In our free societies, we must always ask ourselves: “Who watches the watchers?”
Of course we need governments and authorities. We need police, investigators, and courts. In some cases, we need wiretaps and video cameras. When used properly, all of these things increase the security and stability of our society—reducing crime and enforcing laws. Unfortunately, however, these things are powerful weapons in the hands of the unscrupulous. That’s why we need some mechanism of ‘watching the watchers’ and being sure that the authorities are not abusing their powers.
When it comes our law enforcement officials, I have the utmost of respect for them and their work. However, there are a certain percentage of police officers who chose their profession merely to lord power over the rest of us . . . folks like Ofc. Graham Buck, Det. Mike Baylor (who was not fired for waving his gun around during a snowball fight), or the officers who arrested a man for trespassing on his own property, or the officers who invaded a mayor’s home and shot his dogs.
And folks like Maryland State Trooper Joseph D. Uhler who, after pulling Anthony Graber over for speeding on a motorcycle, waved his gun around like a madman.
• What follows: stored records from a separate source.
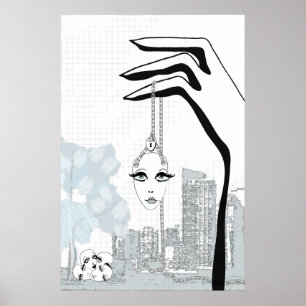 Danging Participles Poster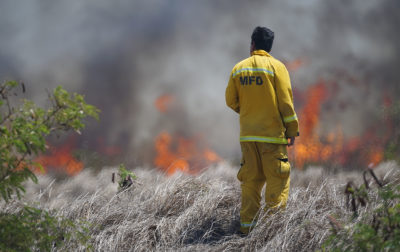 Volunteer Firefighters Are  Big On The Mainland. Not So Much In Hawaii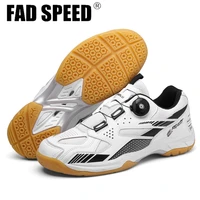 new professional badminton shoes anti slip tennis shoes light weight badminton footwears male volleyball sneakers big size 36 46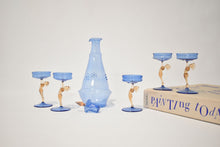 Load image into Gallery viewer, Bimini Glass Nudes Decanter and Glassware Set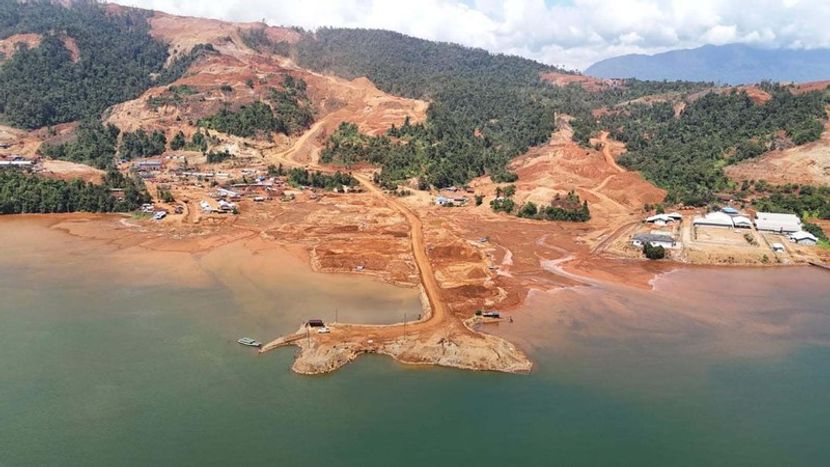 莫罗瓦利两家非法采矿企业被印尼政府查封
And folks like the members of Uhler’s department who then had Graber arrested and charged with wiretapping violations for posting a video of the encounter on YouTube. Adam Cohen, writing for Time, asks the obvious question: Should Videotaping the Police Really Be a Crime?
The answer, of course, is a resounding ‘no.’ Police record almost every official encounter they have with citizens for their own protection and, if the police are honest, law-abiding officials they should have no problem with citizens doing the same. Graber, who had been videotaping his ride on the motorcycle well before he was pulled over, had every right to film in public (where people have no reasonable expectation of privacy) and he then had a First Amendment right to post that video online. His right to film in a public place did not stop when Trooper Uhler pulled him over. The event was still happening in a public place, so Maryland’s [misguided] law against recording private conversations without consent of all participants simply does not apply.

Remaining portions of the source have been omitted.